Reputation: 1999
Consider the following query...
SELECT
*
,CAST(
(CurrentSampleDateTime - PreviousSampleDateTime) AS FLOAT
) * 24.0 * 60.0 AS DeltaMinutes
FROM
(
SELECT
C.SampleDateTime AS CurrentSampleDateTime
,C.Location
,C.CurrentValue
,(
SELECT TOP 1
Previous.SampleDateTime
FROM Samples AS Previous
WHERE
Previous.Location = C.Location
AND Previous.SampleDateTime < C.SampleDateTime
ORDER BY Previous.SampleDateTime DESC
) AS PreviousSampleDateTime
FROM Samples AS C
) AS TempResults
Assuming all things being equal such as indexing, etc is this the most efficient way of achieving the above results? That is using a SubQuery to retrieve the last record?
Would I be better off creating a cursor that orders by Location, SampleDateTime and setting up variables for CurrentSampleDateTime and PreviousSampleDateTime...setting the Previous to the Current at the bottom of the while loop?
I'm not very good with CTE's is this something that could be accomplished more efficiently with a CTE? If so what would that look like?
I'm likely going to have to retrieve PreviousValue along with Previous SampleDateTime in order to get an average of the two.

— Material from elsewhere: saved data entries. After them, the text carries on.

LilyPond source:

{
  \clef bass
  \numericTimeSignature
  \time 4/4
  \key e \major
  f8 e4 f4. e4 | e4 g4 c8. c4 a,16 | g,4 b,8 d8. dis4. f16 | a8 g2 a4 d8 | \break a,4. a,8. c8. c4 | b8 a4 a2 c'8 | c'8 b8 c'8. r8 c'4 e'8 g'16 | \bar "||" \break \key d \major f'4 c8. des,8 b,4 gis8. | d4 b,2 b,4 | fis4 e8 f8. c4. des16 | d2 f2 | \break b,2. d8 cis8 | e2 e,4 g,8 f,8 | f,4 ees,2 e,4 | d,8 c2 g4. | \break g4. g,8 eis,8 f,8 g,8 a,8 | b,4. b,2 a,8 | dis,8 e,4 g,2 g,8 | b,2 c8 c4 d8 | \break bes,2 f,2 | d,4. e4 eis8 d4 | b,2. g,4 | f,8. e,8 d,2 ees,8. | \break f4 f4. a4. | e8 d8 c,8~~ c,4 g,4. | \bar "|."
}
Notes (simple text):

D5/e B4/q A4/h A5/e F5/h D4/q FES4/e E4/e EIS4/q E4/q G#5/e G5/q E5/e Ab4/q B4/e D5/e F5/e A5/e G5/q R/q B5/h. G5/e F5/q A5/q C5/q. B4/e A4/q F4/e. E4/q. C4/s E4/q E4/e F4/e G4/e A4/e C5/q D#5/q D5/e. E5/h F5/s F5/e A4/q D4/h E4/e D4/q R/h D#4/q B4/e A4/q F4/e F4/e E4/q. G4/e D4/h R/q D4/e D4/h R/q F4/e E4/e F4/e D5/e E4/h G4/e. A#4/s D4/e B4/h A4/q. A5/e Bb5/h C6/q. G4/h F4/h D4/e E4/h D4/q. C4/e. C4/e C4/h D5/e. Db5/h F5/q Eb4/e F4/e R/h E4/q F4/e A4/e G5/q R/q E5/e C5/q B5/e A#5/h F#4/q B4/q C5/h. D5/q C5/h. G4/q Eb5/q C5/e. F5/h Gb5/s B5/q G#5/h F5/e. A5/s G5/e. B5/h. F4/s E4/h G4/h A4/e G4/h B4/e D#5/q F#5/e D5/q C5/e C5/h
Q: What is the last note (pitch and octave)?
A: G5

Does that change the results any.
Long story short what is the best/most efficient way of holding onto the values of a previous record if you need to use those values in calculations on the current record?
----UPDATE I should note that I have a clustered index on Location, SampleDateTime, CurrentValue so maybe that is what is affecting the results more than anything.
with 5,591,571 records my query (the one above) on average takes 3 mins and 20 seconds
The CTE that Joachim Isaksson below on average is taking 5 mins and 15 secs.
Maybe it's taking longer because it's not using the clustered index but is using the rownumber for the joins?
I started testing the cursor method but it's already at 10 minutes...so no go on that one.
I'll give it a day or so but think I will accept the CTE answer provided by Joachim Isaksson just because I found a new method of getting the last row.
Can anyone concur that it's the index on Location, SampleDateTime, CurrentValue that is making the subquery method faster?
I don't have SQL Server 2012 so can't test the LEAD/LAG method. I'd bet that would be quicker than anything I've tried assuming Microsoft implemented that efficiently. Probably just have to swap a pointer to a memory reference at the end of each row.
Upvotes: 0
Views: 648
Reputation: 469
If you are using SQL Server 2012, you can use the LAG window function that retrieves the value of the specified column from the previous row. It returns null if there is no previous row.
SELECT
a.*,
CAST((a.SampleDateTime - LAG(a.SampleDateTime) OVER(PARTITION BY a.location ORDER BY a.SampleDateTime ASC)) AS FLOAT)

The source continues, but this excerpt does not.